Here is the start position. It is an epic game, so we will play 15 turns(the length of a whip cycle) from this point:
The goal is to produce as many hammers as possible in those 15 turns. No padding stats by stacking whip anger or anything like that. Just good old fashioned killing of grassland mines.
The killing grassland mines option builds a settler for one turn then whips it and builds a library with the overflow plus some turns of production while regrowing. When it hits the happy cap, it starts a settler. Total hammers produced:
135 (library) + 149 (settler) + 89 (partial settler build) = 373 hammers
Also note that because of the ridiculous regrowth rate, this city had to work some sub par tiles while finishing the library at population 6 to avoid growing into unhappiness. I could have skewed these numbers further by switching to a settler immediately at population 6 and working only the premium tiles the whole time.
The second test attempts to avoid killing of grassland mines.
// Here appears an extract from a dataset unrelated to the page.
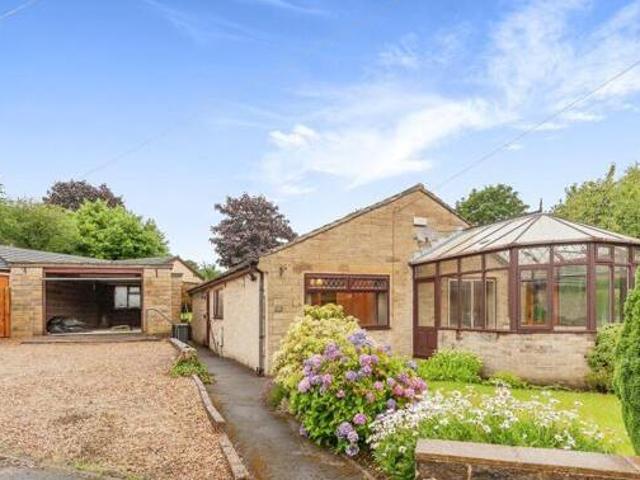 House for sale in Halifax, West Yorkshire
So it builds a library for one turn then shifts production to settlers (which are going to be the highest hammer yield it can get with these tiles, until time expires) It produces 2 settlers in the time frame, and ends up with 8 overflow (that will be modified by the forge to be 10 overflow) that I am counting. Total hammers produced:
149 (settler) + 149 (settler) + 25 (partial library build) + 10 (overflow) = 333 hammers.
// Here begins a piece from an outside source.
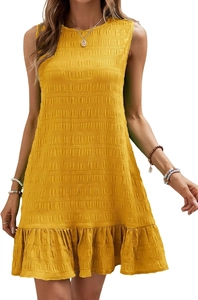 Détail de la robe sans manches jaune montrant la texture froncée et l'ourlet à volants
Admittedly, the second option produces a bit more commerce, but commerce is not the point of slavery. The first option produced 40 more hammers over 15 turns which is 2.67 hammers a turn. And it could have been worse if I arranged it so I only worked premium tiles the whole time.
Admittedly, this example is highly skewed in favor of killing the mines. But even if one of those clams was not improved it still would be superior to kill the mines.